Sensivelmente dois séculos depois, em 1758, o vigário Silvestre Domingos reportava para as “Memórias Paroquiais de 1758” que a igreja tinha como orago «Sam Thiago». Era um templo com quatro altares: o altar-mor, com invocação do padroeiro; e mais dois altares depois do arco cruzeiro. Da parte da Epístola, o do Menino Jesus que, em outras igrejas surge como Menino Deus. Do lado do Evangelho, havia a invocação da Senhora do Rosário, invocação de grande devoção em quase todas as igrejas. Mais abaixo, também do lado do Evangelho, encontrava-se o altar de Santo António. Trata-se de um altar do estilo Renascença, ainda hoje presente na igreja. Santo António, protector dos animais, é outra devoção praticamente omnipresente nos templos, com imagens mais ou menos maiores ou não estivéssemos numa zona com grande tradição pastorícia e agrícola, onde o animal era, muitas vezes, a principal fonte de sustento da família.

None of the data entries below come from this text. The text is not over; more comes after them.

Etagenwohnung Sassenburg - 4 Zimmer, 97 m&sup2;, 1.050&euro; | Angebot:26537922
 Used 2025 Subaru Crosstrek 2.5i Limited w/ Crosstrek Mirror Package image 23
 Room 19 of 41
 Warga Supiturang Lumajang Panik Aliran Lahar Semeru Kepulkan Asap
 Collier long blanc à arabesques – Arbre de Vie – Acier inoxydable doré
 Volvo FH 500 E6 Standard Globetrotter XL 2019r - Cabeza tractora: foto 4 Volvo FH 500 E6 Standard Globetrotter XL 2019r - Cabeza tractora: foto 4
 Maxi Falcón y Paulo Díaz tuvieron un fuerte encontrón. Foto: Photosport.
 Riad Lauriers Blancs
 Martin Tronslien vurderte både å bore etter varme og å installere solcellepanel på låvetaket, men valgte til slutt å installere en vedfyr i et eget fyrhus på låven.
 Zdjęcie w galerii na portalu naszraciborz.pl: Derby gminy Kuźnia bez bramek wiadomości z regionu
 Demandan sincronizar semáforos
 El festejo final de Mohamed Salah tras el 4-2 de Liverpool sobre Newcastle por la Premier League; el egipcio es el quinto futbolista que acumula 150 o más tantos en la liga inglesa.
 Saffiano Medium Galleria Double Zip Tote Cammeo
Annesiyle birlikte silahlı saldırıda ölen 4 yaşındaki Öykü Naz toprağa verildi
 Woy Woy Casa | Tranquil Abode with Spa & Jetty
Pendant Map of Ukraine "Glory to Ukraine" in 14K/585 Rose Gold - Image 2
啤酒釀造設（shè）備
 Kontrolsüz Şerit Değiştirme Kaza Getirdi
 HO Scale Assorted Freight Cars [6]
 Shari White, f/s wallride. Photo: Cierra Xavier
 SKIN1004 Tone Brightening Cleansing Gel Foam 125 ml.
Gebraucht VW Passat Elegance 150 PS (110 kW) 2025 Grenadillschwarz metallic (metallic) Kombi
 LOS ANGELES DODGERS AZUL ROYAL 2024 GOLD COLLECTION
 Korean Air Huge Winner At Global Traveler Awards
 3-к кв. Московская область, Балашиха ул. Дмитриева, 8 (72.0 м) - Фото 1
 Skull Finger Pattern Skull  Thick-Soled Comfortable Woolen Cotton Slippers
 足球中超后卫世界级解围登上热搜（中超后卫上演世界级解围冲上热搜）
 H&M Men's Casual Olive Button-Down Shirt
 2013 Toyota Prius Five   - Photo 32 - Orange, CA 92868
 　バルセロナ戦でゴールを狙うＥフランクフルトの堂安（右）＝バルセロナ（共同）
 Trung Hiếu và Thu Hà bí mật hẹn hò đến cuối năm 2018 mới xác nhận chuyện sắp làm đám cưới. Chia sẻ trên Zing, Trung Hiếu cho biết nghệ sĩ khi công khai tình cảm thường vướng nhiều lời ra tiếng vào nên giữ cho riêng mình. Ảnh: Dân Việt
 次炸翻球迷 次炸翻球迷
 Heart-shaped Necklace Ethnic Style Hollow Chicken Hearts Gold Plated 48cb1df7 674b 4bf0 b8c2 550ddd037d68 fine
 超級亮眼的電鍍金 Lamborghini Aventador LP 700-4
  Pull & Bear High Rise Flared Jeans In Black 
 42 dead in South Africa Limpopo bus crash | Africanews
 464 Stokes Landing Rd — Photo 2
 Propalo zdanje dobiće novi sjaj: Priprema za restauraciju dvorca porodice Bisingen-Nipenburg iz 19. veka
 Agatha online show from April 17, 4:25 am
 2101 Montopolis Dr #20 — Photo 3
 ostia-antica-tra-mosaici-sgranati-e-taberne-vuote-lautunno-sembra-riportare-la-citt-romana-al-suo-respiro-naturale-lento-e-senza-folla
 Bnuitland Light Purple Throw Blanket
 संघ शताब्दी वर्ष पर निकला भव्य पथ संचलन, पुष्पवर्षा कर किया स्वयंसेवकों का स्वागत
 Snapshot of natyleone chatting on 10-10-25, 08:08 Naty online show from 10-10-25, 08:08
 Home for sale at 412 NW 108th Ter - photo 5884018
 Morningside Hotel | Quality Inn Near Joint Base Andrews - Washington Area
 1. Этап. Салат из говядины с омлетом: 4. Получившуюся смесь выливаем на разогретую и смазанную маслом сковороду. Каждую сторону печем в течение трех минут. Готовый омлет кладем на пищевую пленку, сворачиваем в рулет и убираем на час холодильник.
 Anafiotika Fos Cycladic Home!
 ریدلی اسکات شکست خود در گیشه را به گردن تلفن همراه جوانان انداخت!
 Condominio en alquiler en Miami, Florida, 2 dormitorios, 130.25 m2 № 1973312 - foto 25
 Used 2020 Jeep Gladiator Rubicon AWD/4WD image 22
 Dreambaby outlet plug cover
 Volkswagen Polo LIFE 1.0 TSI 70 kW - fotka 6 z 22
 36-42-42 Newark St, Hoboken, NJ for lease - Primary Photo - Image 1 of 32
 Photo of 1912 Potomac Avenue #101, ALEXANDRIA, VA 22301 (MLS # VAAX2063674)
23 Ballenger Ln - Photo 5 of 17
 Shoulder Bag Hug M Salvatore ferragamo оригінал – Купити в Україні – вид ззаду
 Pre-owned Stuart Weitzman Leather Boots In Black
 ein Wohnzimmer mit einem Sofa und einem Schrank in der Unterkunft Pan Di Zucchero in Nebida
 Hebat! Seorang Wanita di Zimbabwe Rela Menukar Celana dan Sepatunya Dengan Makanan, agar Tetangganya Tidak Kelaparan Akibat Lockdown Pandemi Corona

O padre José de Araújo Peixoto foi pároco ali desde Outubro de 1947 até 2012. Durante a sua paroquialidade, a igreja levou dois soalhos. O tecto também teve uma intervenção de fundo nos anos 60. Foi todo renovado e pintado. No teto da capela-mor foi pintada uma invocação à Santíssima Eucaristia, enquanto que no corpo da igreja foi pintada a imagem de Santiago aos Mouros.
Os altares têm sofrido pontualmente obras de conservação e restauro.